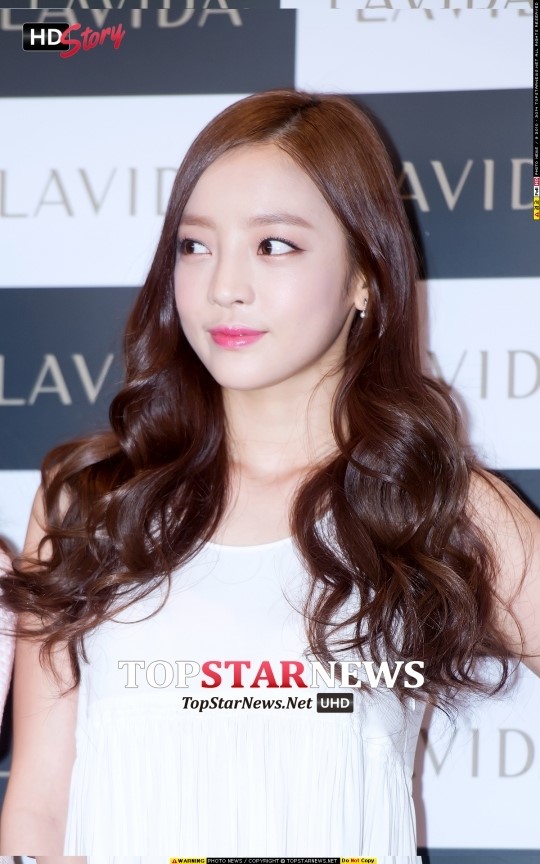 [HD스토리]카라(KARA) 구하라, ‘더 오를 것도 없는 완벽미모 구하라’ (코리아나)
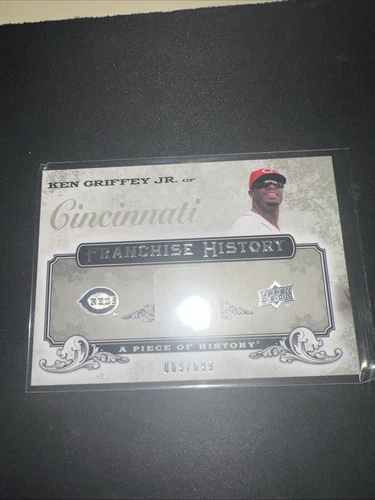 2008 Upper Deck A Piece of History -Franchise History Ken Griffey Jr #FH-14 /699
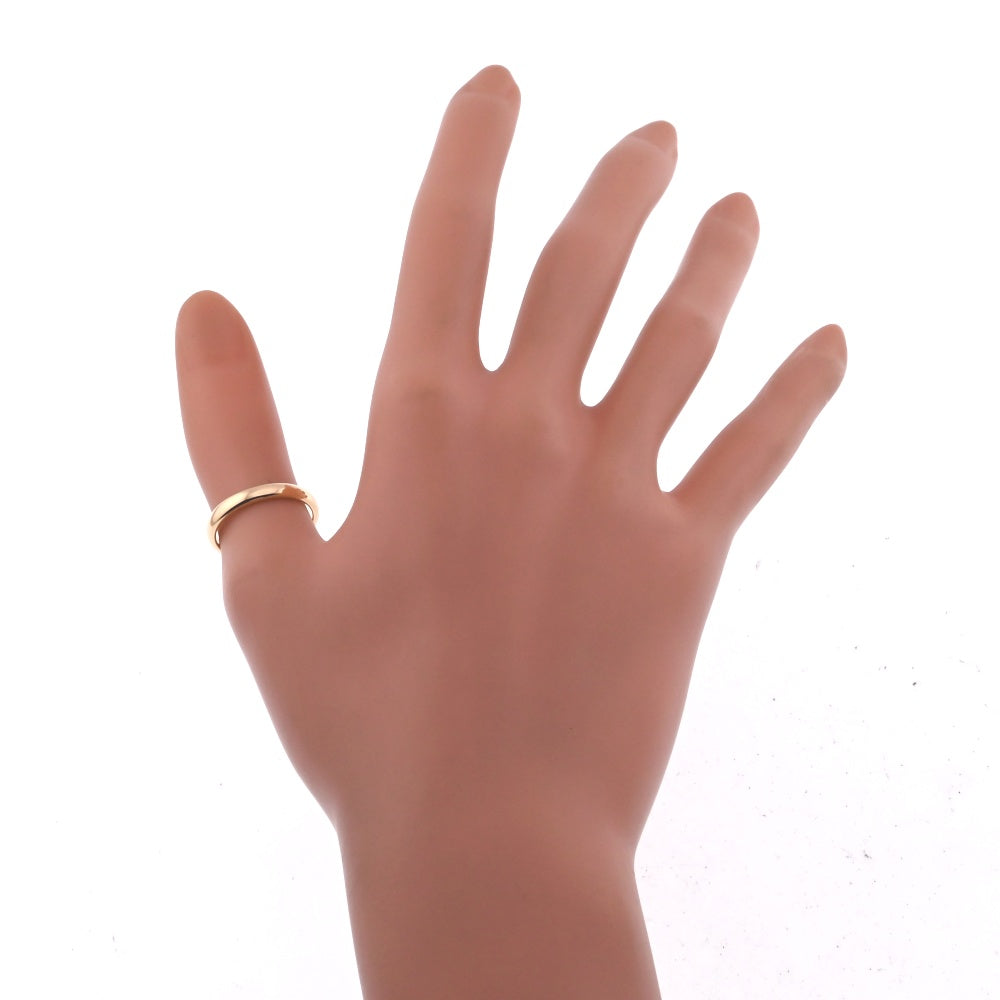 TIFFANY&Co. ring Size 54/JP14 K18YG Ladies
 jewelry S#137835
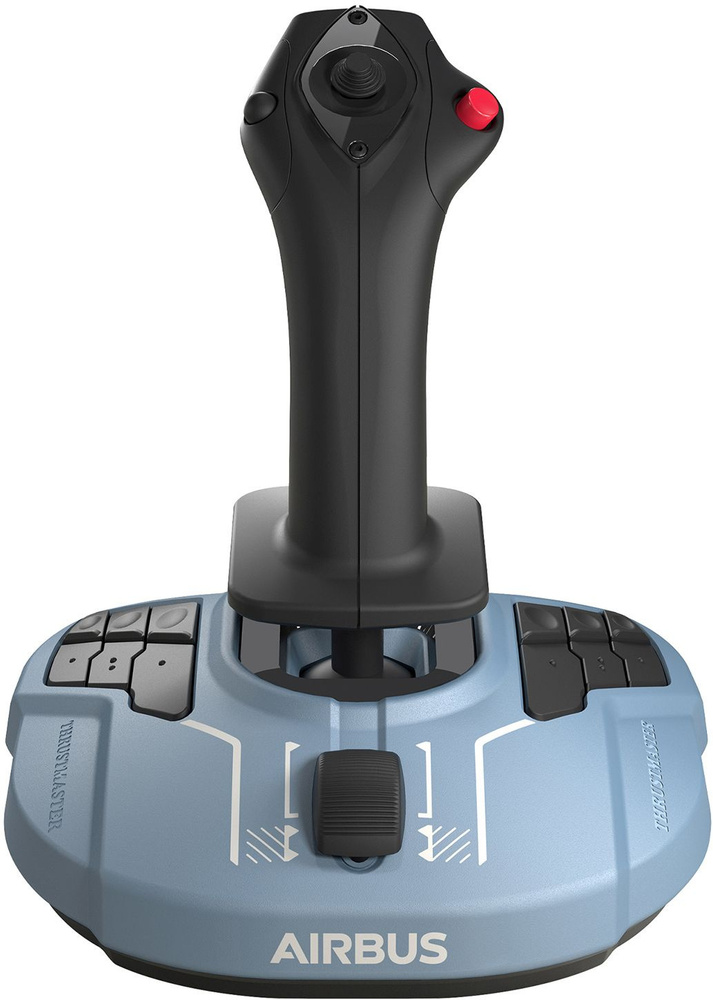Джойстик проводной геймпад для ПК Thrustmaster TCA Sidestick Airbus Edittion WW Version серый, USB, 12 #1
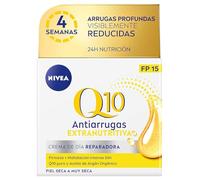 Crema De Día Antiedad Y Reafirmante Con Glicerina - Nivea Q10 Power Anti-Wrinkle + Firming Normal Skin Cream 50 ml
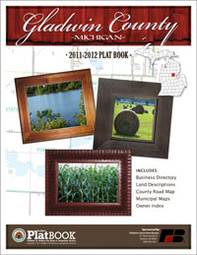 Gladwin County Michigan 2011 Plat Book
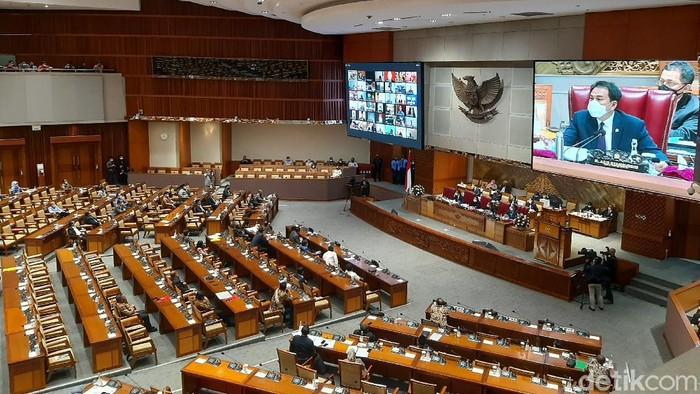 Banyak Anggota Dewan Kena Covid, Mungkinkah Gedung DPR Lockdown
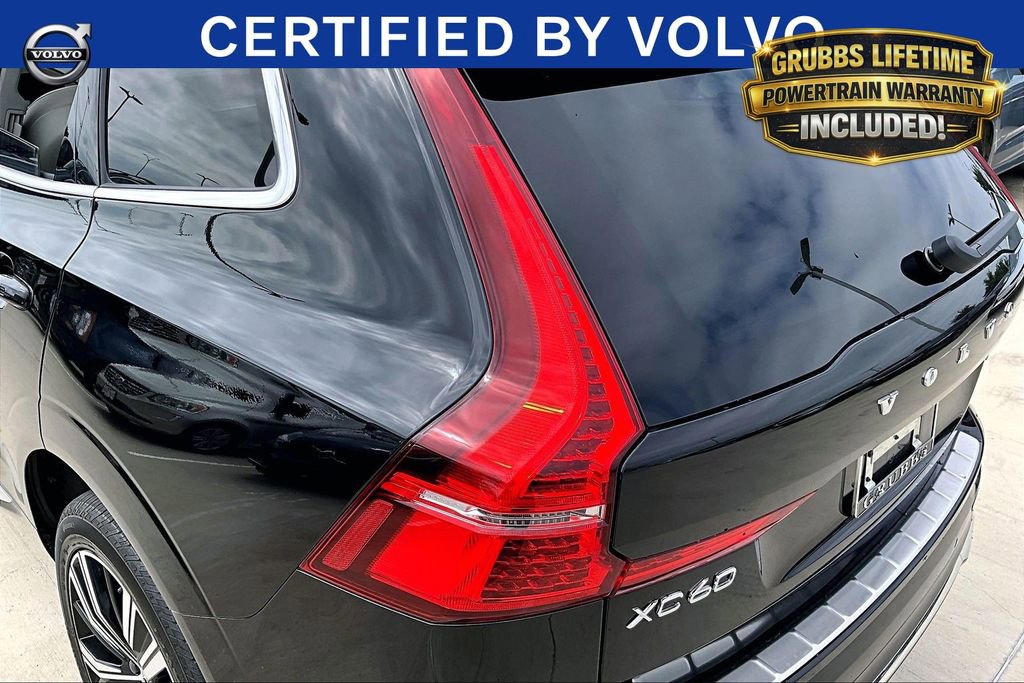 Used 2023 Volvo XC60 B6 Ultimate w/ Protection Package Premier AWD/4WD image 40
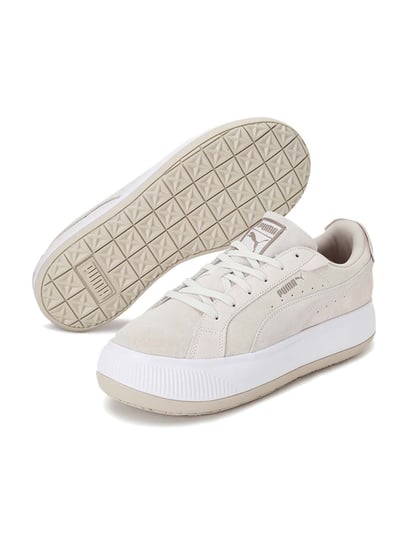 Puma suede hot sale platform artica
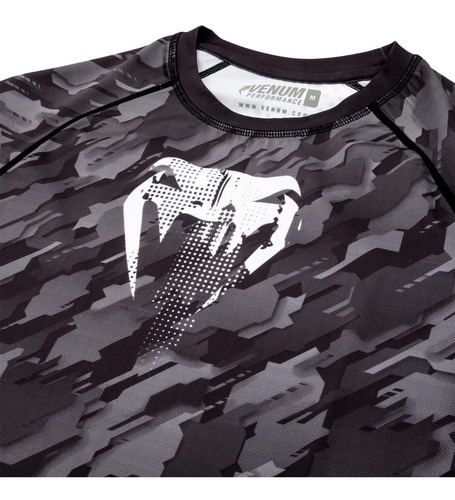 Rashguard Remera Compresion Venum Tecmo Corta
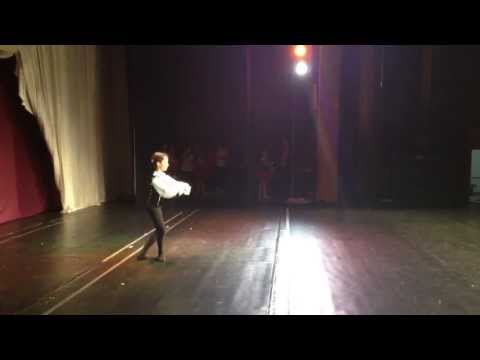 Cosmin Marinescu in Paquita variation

——————————

Print the full listing above exactly. Pictures stay out of the copy.

 [HD스토리]카라(KARA) 구하라, ‘더 오를 것도 없는 완벽미모 구하라’ (코리아나)
 2008 Upper Deck A Piece of History -Franchise History Ken Griffey Jr #FH-14 /699
 TIFFANY&Co. ring Size 54/JP14 K18YG Ladies
 jewelry S#137835
Джойстик проводной геймпад для ПК Thrustmaster TCA Sidestick Airbus Edittion WW Version серый, USB, 12 #1
 Crema De Día Antiedad Y Reafirmante Con Glicerina - Nivea Q10 Power Anti-Wrinkle + Firming Normal Skin Cream 50 ml
 Gladwin County Michigan 2011 Plat Book
 Banyak Anggota Dewan Kena Covid, Mungkinkah Gedung DPR Lockdown
 Used 2023 Volvo XC60 B6 Ultimate w/ Protection Package Premier AWD/4WD image 40
 Puma suede hot sale platform artica
 Rashguard Remera Compresion Venum Tecmo Corta
 Cosmin Marinescu in Paquita variation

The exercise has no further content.